Today Paul’s concern for the Galatians comes through even stronger than in 4.8-11.
He desperately wants them to become as I am (v.12). By this he means free from the shackles of law and the burden of working to justify yourself. Things started so well for the Galatians: they received Paul despite his poor physical condition (v.13), even as an angel of God, as Christ Jesus (v.14). In fact, things were going so well that Paul is sure that had the need arisen, the Galatians would have gouged out their eyes and given them to him (v.15). Some take this to mean that Paul had eye problems (2 Corinthians 12.7), others as a figure of speech to show intense dedication and emotional attachment.
In contrast to the parental love that Paul felt for the Galatians (v.19), the Judaizing law-bringers sought to manipulate the believers back into bondage (v.17). How Paul wished he could be there to lovingly correct this new band of believers and protect them from the potential pitfalls (v.20).

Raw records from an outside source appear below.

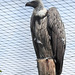 20190901 5600CPw [D~VR] Weißrückengeier, Vogelpark Marlow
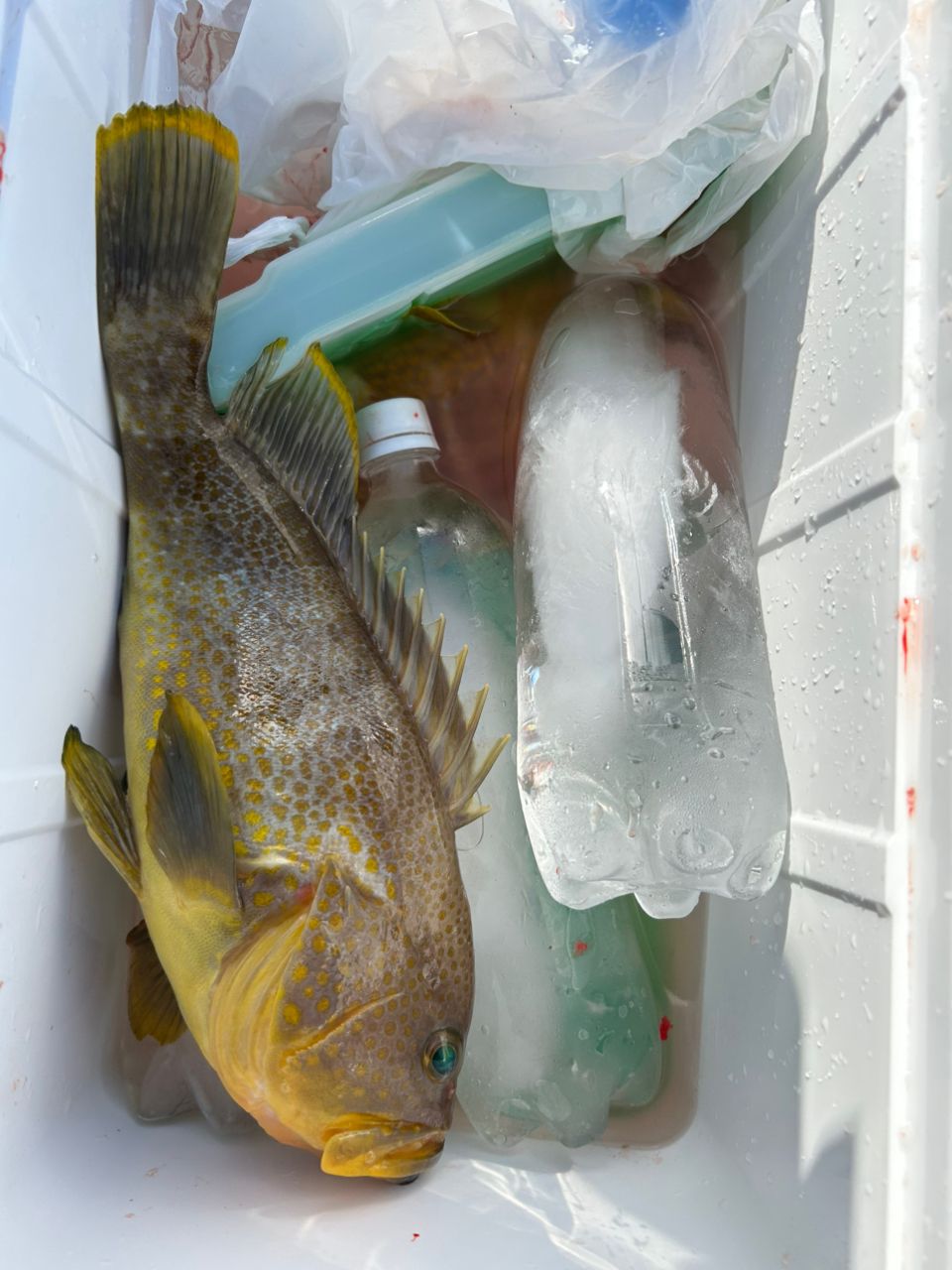 みき0110さんの釣果 2枚目の画像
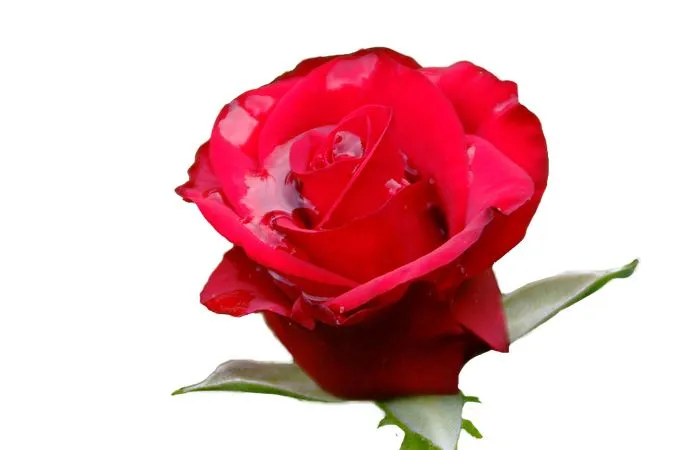 ���޺�ɫõ�廨��PNG���ͼ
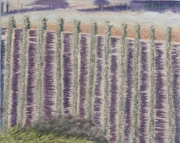 Steep Vineyard 9 x 11 by Tim Brody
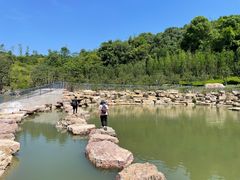 -南山植物园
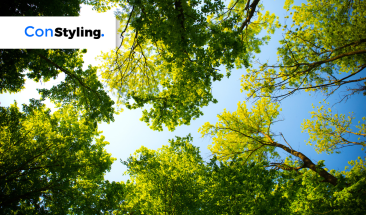 Marcas de belleza que protegen los bosques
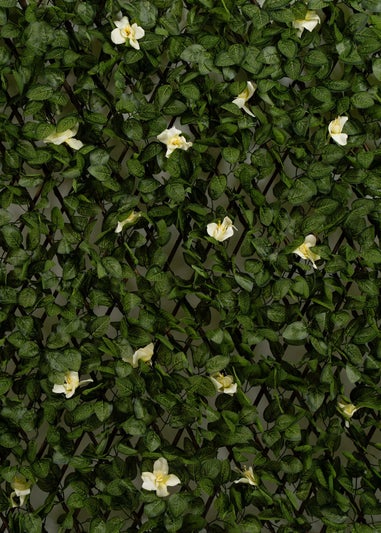 Scottish Everlastings Anti-UV White Clematis Expanding Trellis 180x90cm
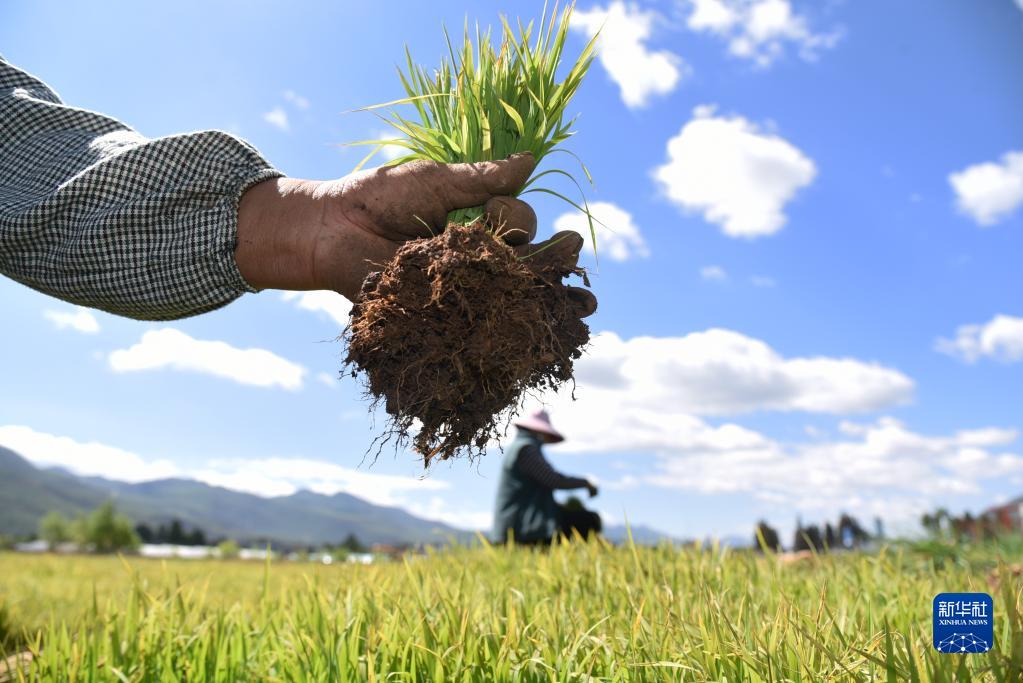 立夏将至农事忙
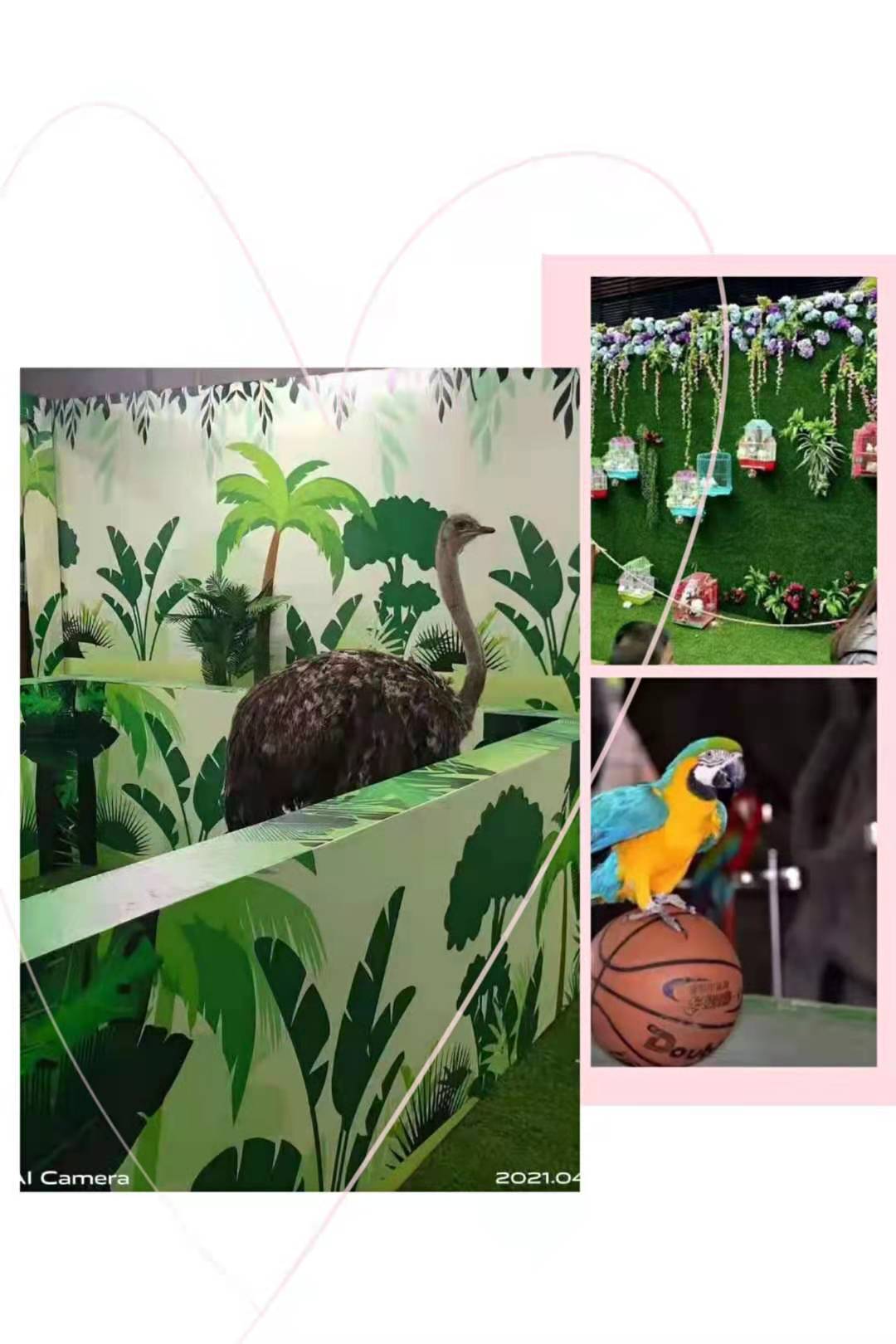 萌宠表演 动物展览出租暖场必备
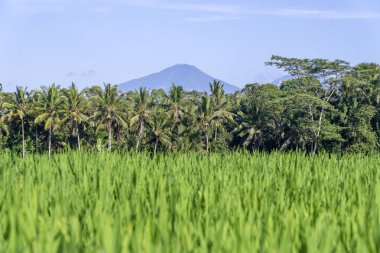 Pirinç tarlaları, palmiye ağacı ve Agung yanardağı ile güneşli gün Adası Bali, Endonezya'da manzara. Doğa ve seyahat kavramı
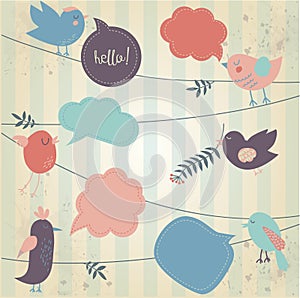 Cute birds tweeting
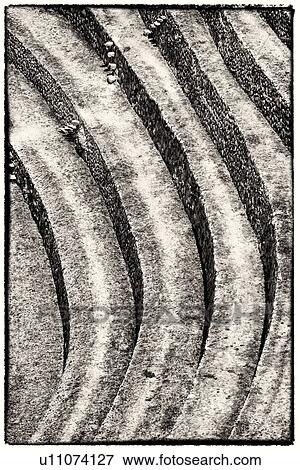 Stock Photo - Monochrome aerial detail view of Moray Inca agricultural terraces in large circular patterns, Maras, Sacred Valley, Peru. Fotosearch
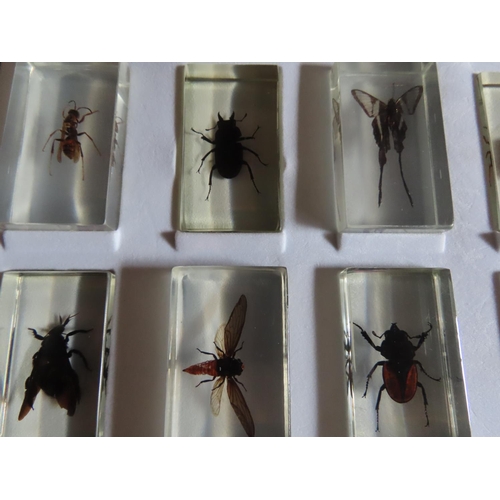 1153 - Collection of Insects Encapsulated in Perspex Contained in Display Case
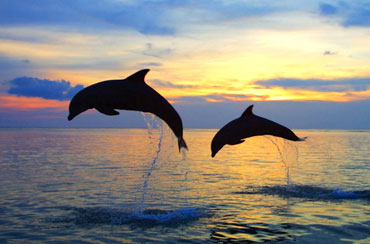 Bali Dolphin Tour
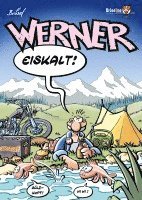 bokomslag Werner Band 4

The contrast between Paul’s pastoral heart for the Galatians and the manipulative flattery of the legalists is stark and one we would do well to note. Just pause and think of where and how you regularly hear the Word of God taught.
- Is it edifying or adding a burden?
- Is there a connection between you and the teacher, or are they simply ‘doing a job’?
- Is the teaching given to draw you closer to Christ or in order to explain rules and regulations you need to keep?
- Is the teaching building you up emptily or showing you who you are in Christ?
- Is there a consistency to the teaching or does it change week to week?
Paul knows the motivations and the methods of these Judaizing law-givers, and neither were in the best interests of the Galatians. If you find yourself part of a body of believers where you know someone cares for you with a pastoral heart like this, take a moment today and thank the Lord, because sadly many are not.